For instance, the lead gasoline that is produced by great link subsidiary octet had different effects for the different population structures. While it resulted into brain problem to the children, the leaded gasoline also caused respiratory problems to the elderly and the general degradation of the air. The management therefore has to look into ways of mitigating the effect of its products on the different population groups.

The second factor to be considered in the scanning of the external environment is the technological factors. The current business environment is characterized by fast changing technology and if a business fails to adopt the changes in technology, then it has to realize the threat to its going concern concept (Kotler, 2006).

The product, leaded gasoline that is being produced by Great Lakes may be rendered useless if the cars that use the products are faced off with the adoption of modern cars. This is already exhibited by the reduced market of the company’s products in countries with new products and production methods. Again, it has reduced the international perspective of the business. Failure to develop the current technology will further reduce the company’s income.

Another component of the external environment is the economic environment. This environment determines the returns the business will have on its operations. It includes the inflation rates, the economic growth rates and the cost of funds.

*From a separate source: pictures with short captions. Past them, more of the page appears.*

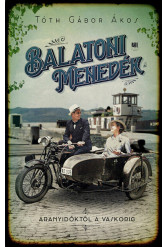 Balatoni menedék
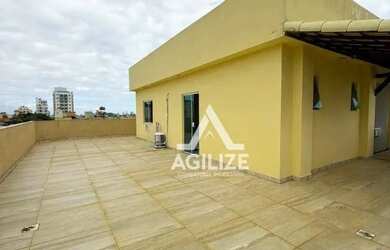 Imagem 15: Cobertura com 3 dormitórios para alugar, 365 m² por R$ 5.000/mês - Riviera Fluminense - Ma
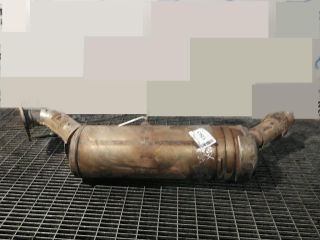 bontott SUZUKI GRAND VITARA Részecskeszűrő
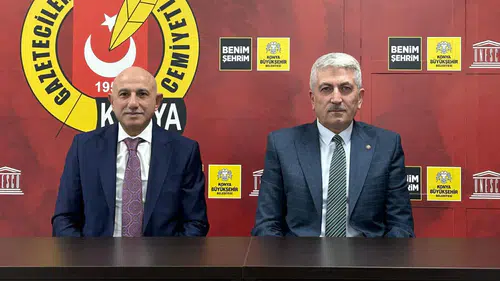 Konya Emniyeti özel çalışmalara imza atacak: Huzur için düğmeye basıldı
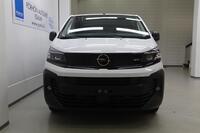 heti ajoon Opel Vivaro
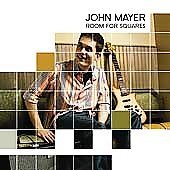 John Mayer | Room for Squares - Vinyl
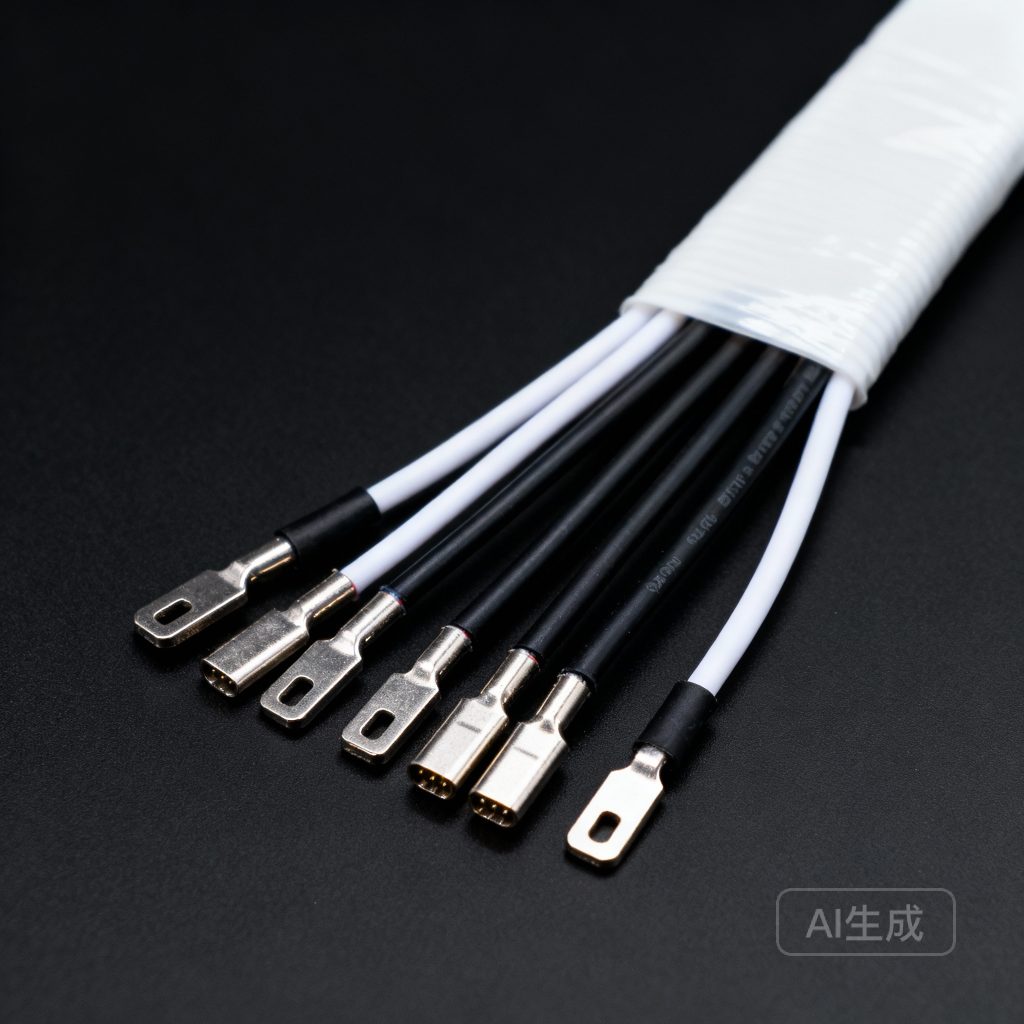 The Advantages of DJ7032Y-1.5-21: A 3Pin Universal Automotive Connector for Modern Vehicles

All forms of business, small or big, international or local are affected by the economic environment (Kozami, 2002). Great Lakes Corporation will have to evaluate the economic environment for the purpose of expanding its activities in other region and terminate its operations in markets that have declining sales and increased level of risk.

The decision makers of great lakes therefore have to make decisions that will reduce the business activities in developed countries that have changed the products and curtailed the demand for the company’s products. In the case study, the economic legislations that were instated e.g. the reduction of the excise tax on ethanol may reduce the costs of substitute products of the Great Lakes Corporation which may as a result reduce the turnover of the company.

In addition the geographical coverage will be a factor to consider in the operations of a business. The company must realize that the wide geographical market in which it operates will determine the operations cost and the strategies in the different region. Wide environment means diverse culture and beliefs that may have an impact on the market of the company’s products. Great Lakes Company has to realize the different needs to their targeted market especially the countries at different level of development (Aguilar, 1967).

The wide geographical operational area as well means that Great Lakes marketing strategies and promotional message have to take note of all their stakeholders. Distribution channel of the corporation will be affected by large environment coverage. The business may be forced to open branches in the different regions to ensure efficiency and effectiveness which will reduce shortages that may arise from longer supply periods.

Finally the political environment must be assessed. Politics determines the rules and regulations that will be formulated to guide the conduct of business. If the laid down regulations are not adhered to, the business may find itself with multiple suit cases that may affect the going concern of the business.

Great lakes will be affected by the political environment majorly on the environmental regulations. From the case study, it is evident that regulations are being formulated to ban the production of lead gasoline due to the adverse environmental impact.

This has already been made possible in the developed nations like the US. However the developing nations still rely on the use of lead gasoline. Great Lakes management must ensure that they move to take steps that will cushion the business from losses should the same regulations be adopted by the developing nations.

Moreover, Great lakes must also realize that the business has a corporate responsibility to the community in which it operates. This implies that the organization should not wait for regulations that prohibit the use of lead gasoline by the developing and under developed countries. Rather, it should move ahead and mitigate the cost of not being environment compliant. It is therefore irrational for the Corporation to go against its own policies on employees and community safety standards for the sake of maximizing returns.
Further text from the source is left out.